また、現在チップ・ガナッシに在籍し、これまで6度のチャンピオンに輝いたスコット・ディクソンもすでに42歳となった。ディクソンのキャリアも、終わりが近づいて来ていることは否定できない。
そのため、すでにドライバーとして完成の領域に近づいているパロウは、チームのエースとなる才能を備えており、是非とも確保したいドライバーとなっているようだ。
パロウからすれば、ギャラに大きな差がないのならば、すでに3シーズンを戦ってチームにも馴染んでいるうえ、実力も実績もナンバーワンであるチップ・ガナッシで走り続ける方が賢明だろう。
8戦を終え、ポイントスタンディングのトップにいるのはパロウ自身で、ランキング2位もチームメイトのエリクソンだ。彼らはここまで行われたレースの半数である4レースで勝っており、当然それはシリーズでナンバーワンの勝利数となっている。

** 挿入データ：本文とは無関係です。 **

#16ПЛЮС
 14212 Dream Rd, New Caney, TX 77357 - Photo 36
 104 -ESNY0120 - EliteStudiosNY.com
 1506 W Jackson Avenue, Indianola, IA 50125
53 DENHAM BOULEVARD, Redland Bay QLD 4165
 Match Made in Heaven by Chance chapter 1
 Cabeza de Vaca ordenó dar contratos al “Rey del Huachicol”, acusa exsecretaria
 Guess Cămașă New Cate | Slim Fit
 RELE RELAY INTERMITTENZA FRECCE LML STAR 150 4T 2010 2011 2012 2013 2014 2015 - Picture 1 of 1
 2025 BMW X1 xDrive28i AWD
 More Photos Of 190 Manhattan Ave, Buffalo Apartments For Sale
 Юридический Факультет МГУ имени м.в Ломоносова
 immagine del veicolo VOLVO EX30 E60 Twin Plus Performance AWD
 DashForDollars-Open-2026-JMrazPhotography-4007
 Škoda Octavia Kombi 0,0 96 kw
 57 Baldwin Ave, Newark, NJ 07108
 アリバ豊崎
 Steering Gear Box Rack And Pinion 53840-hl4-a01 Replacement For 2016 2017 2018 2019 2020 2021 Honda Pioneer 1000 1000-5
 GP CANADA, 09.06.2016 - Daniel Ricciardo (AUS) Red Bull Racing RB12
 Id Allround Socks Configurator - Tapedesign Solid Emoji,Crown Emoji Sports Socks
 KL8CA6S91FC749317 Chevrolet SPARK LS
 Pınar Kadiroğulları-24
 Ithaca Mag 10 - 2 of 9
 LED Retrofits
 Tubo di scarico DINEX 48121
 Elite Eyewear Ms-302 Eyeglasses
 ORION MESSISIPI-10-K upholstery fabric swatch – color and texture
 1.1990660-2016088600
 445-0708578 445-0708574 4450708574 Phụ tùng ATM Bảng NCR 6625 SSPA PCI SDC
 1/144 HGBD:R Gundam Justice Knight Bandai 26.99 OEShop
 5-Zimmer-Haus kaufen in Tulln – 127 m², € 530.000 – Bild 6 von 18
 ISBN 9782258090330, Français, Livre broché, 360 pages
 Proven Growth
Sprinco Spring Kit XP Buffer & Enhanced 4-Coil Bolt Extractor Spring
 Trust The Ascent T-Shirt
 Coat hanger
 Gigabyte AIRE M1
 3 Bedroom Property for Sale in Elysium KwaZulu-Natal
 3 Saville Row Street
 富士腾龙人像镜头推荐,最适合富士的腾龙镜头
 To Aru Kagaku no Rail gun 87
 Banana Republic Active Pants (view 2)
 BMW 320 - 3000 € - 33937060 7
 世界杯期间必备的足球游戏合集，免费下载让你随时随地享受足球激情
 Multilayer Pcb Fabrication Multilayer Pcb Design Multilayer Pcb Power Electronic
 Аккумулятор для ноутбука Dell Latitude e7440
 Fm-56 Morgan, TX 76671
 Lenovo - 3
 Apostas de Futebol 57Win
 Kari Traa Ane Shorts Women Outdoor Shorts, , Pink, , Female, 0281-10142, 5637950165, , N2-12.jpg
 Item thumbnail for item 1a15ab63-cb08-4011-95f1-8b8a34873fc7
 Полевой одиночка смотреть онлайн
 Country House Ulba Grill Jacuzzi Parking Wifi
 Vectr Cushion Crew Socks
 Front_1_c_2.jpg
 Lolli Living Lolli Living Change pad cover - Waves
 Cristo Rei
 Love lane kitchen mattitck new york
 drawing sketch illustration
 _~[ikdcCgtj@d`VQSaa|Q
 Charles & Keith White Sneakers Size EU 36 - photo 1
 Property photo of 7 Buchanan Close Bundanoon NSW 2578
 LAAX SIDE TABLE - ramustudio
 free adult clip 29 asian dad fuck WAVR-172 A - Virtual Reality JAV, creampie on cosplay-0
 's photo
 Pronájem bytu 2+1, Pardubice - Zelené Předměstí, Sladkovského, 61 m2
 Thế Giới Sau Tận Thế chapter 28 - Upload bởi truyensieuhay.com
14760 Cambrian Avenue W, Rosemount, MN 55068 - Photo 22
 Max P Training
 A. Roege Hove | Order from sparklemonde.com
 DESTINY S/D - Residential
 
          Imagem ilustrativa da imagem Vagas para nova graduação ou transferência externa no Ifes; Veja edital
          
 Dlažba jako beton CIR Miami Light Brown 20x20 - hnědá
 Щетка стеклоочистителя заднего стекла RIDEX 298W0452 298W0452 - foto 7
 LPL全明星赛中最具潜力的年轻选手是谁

さらに今シーズンのパロウは、栄えあるインディ500のポールポジションも獲得した。
対するアロウ・マクラーレンは、今季はいまだ1勝目を飾ることができていない。アンドレッティ・オートスポートを抜いて3番目に力を持つチームになりつつあるとも評されるアロウ・マクラーレンだが、勝利数で考えるならすでに今シーズン1勝を挙げているアンドレッティ・オートスポートの方が上だ。
また、アロウ・マクラーレンはパト・オワードのチームとして機能して来ており、今年からは元F1ドライバーであるアレクサンダー・ロッシも参画している。3人目のドライバーであるフェリックス・ローゼンクヴィストが残留しての4台体制となるのか、はたまたローゼンクヴィストは放出されてしまうのか、その辺りは不明だが、2024年にパロウがアロウ・マクラーレンに加入した場合、オワードとロッシというチームメイトたちとうまくやっていけるのかという心配もある。
今のチップ・ガナッシの体制であれば、パロウはディクソンやエリクソンらとの関係性も非常に良いために、なおのこと心配される要素だ。
パロウは今や、インディカー・シリーズで最も完成度の高いドライバーとなっている。ディクソンやウィル・パワー(チーム・ペンスキー)といった大ベテラン勢はスピードにやや翳りが見えて来ており、パロウにとって最も強力なライバルとなるのはジョセフ・ニューガーデン(チーム・ペンスキー)だろう。
オワードの速さもトップレベルで、オーバルでの勝利をすでに記録している点では彼の方が優っていると言えるが、レース中の冷静な状況判断、ミスの少なさ、ゴールまで走り切る能力ではパロウの方がオーワードより1ランク上だ。
また、コルトン・ハータ(アンドレッティ・オートスポート・ウィズ・カーブ・アガジャニアン)の才能も素晴らしいが、コースを選ばない速さという点においては、所属しているチームの差もあるが、現状パロウの方が優れているだろう。
最近の4戦で3勝(インディアナポリス/ロードコース、デトロイト、ロードアメリカ)を挙げ、インディ500ではポールポジションを獲得し、今のパロウはノリに乗っていると言える。
次戦ミド・オハイオでも優勝候補の筆頭はパロウだ。アイオワのダブルヘッダーか、ワールド・ワイド・テクノロジー・レースウェイでキャリア初のオーバルレース優勝を挙げる可能性も十分にある。
シーズン前半にして、2021年に初めてチャンピオンになった時の勝利数『3』にすでに到達しているパロウ、今年の彼はいったい何勝を挙げるのか。